Gammell and Keough collaborated on the concept, script, and filming of War Pony with their friends Franklin Sioux Bob and Bill Reddy, whom they first met while filming Andrea Arnold‘s American Honey in Pine Ridge in 2015. They cast all of the Lakota characters authentically, almost entirely with first-time actors. The two leads — both of whom deliver excellent performances — are Jojo Bapteise Whiting, who plays genial 23-year-old hustler Bill, and LaDainian Crazy Thunder, who plays enterprising but vulnerable 12-year-old Matho.

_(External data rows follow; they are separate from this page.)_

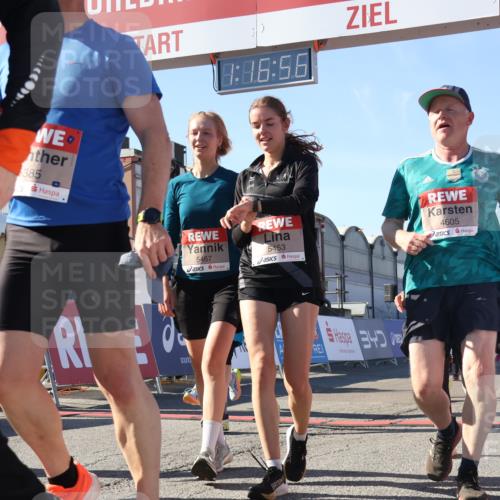 03.10.2025 - Köhlbrandbrückenlauf Luisa Fischer http://msf.ph/oto/9034881 03.10.2025 13:16:55 Ziel 4168, 4359, 4551, 4605, 4978, 5028, 5053, 5099, 5100, 5166, 5302, 5385, 5386, 5453, 5467, 5840, 6286, 6299, 6340, 6343, 6474, 6620, 6623, 6626, 6658, 6697, 6746, 6785 meine-sportfotos.de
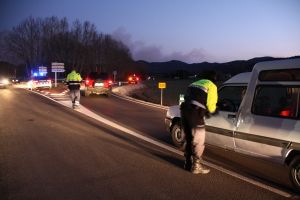 La policia ha tallat el trànsit i no deixa accedir vehicles a les urbanitzacions de Selva Brava i Font Bona.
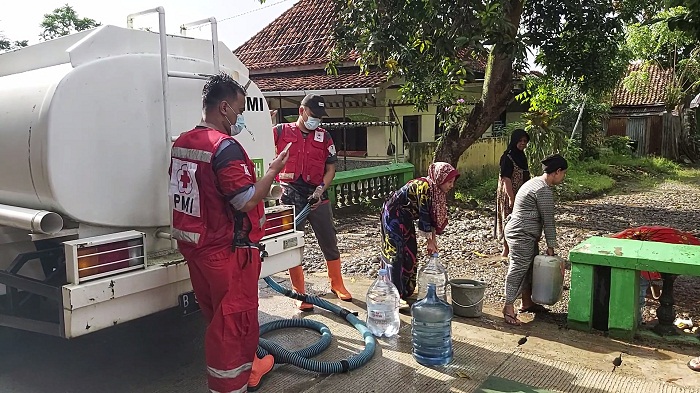 pmi-pekalongan-salurkan-air-bersih-kepada-korban-pencemaran-limbah-tekstil-di-buaran.jpg
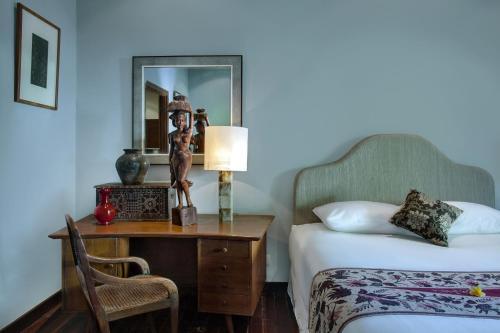Hostal Room & Vespa 3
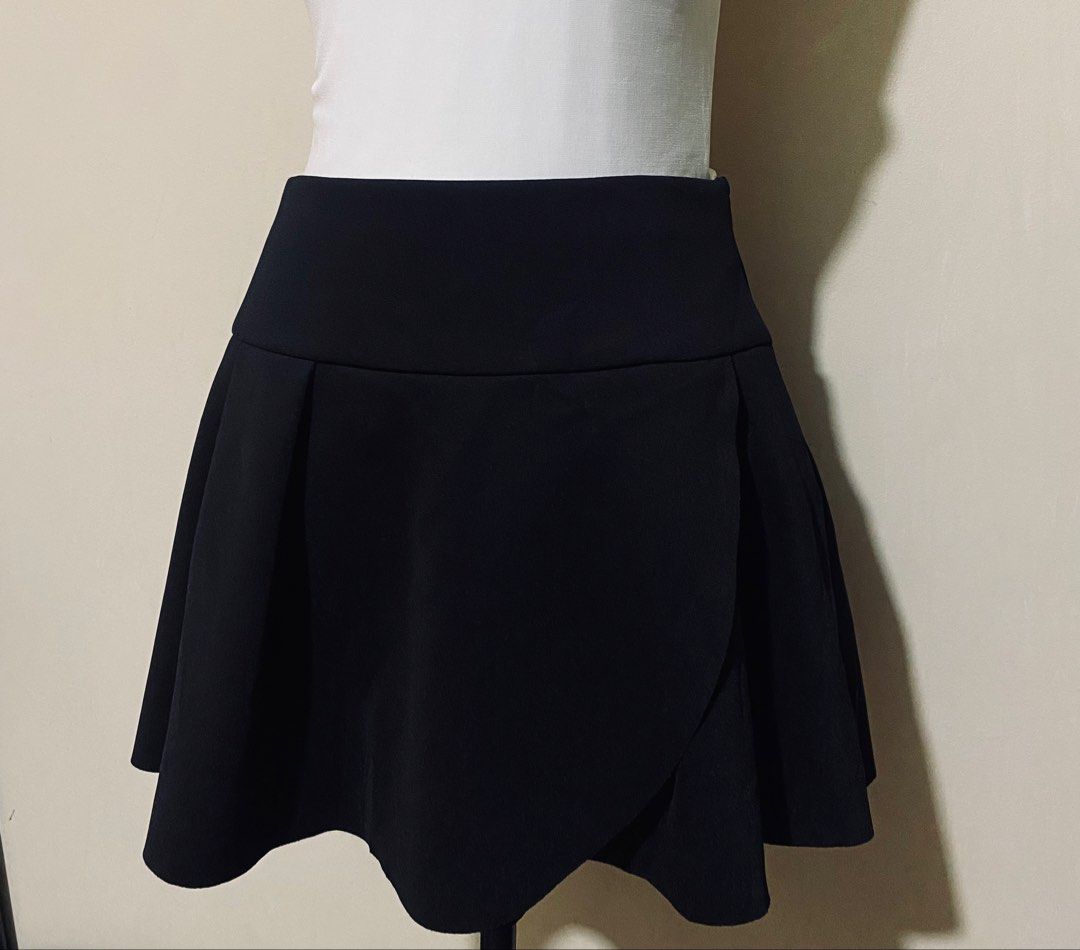 Mango Black Pleated Mini Skirt (Category: Skirts) located in San Pedro. Submitted by fromsissiescloset (Listing ID 1465537101, Image 1). Description: M@ng0 Pleated Tennis Skirt ‼️sale‼️ - New with Tag - Size Medium / Waist 29"/30" Length 13") - Slightly stretch - Price tag $299 Hkd - ₱800 free sf No return / no exchange / no refund .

Bill and Matho don’t actually share the screen for more than a few moments, but their stories have similar elements, both positive — strong friendships, a supportive community, the joy of pulling off a risky plan — and negative: financial struggles, conflict with family members, others assuming they’re untrustworthy/up to no good. Bill’s constant pressure to come up with more money (to help support his two kids and their moms) leads him to wealthy (and unsettling) White couple Tim (Sprague Hollander) and Allison (Ashley Shelton), while Matho has to deal with his complex feelings about his dad and making his way in the world on his own.

War Pony makes an excellent companion piece to Jesse Short Bull and Laura Tomaselli’s Lakota Nation vs. United States. While that film documents the struggles and persistence of the Lakota people as a group, fighting for their ancestral land and against rampant bias and abuse, Gammell and Keough’s story is intensely personal and specific. But that very specificity, grounded in lived experiences and precise details, helps give the film the power it needs to share its message. — Betsy Bozdech

Team #MOTW’s comments:

Pam Grady: Gina Gammell and actor Riley Keough make an unforgettable tandem directing debut with this evocative drama set on the Pine Ridge, SD, reservation of the Oglala Lakota. The film tracks lives in parallel. In his early 20s, Bill (Jojo Bapteise Whiting) is mired in a kind of protracted adolescence, despite already being the father of two young sons. A striver, actively seeks to better his situation, whether it is in adopting a pregnant stray poodle convinced the puppies will be worth big money or accepting a sketchy job from a wealthy white corporate turkey farmer. While Bill clings to hope for a better tomorrow, optimism has already been extinguished in Matho (LaDainian Crazy Thunder), a tween growing up in an abusive household amongst a family of drug dealers and who has already started making his own bad choices. The film is a portrait of poverty but also one of resilience, demonstrating how even small gestures can create an impact. The directors elicit indelible performances from their non-professional cast, particularly Whiting, fantastic as a man-child determined to change his fortunes. And if War Pony’s mood is largely downbeat it works its way to an exuberant climax that suggests that even in the bleakest of circumstances there is always room for hope.

Loren King Riley Keough and her co-director Gina Gammell, who’ve made an absolute stunner of a narrative feature debut, spent time in Pine Ridge getting to know the Lakota residents and the harsh elements of their environment. Their immersion shows. With a terrific cast of non-professionals drawn from the community, War Pony renders the lives of the Lakota people mired in sprawling Pine Ridge with grim and incisive detail. Read full review.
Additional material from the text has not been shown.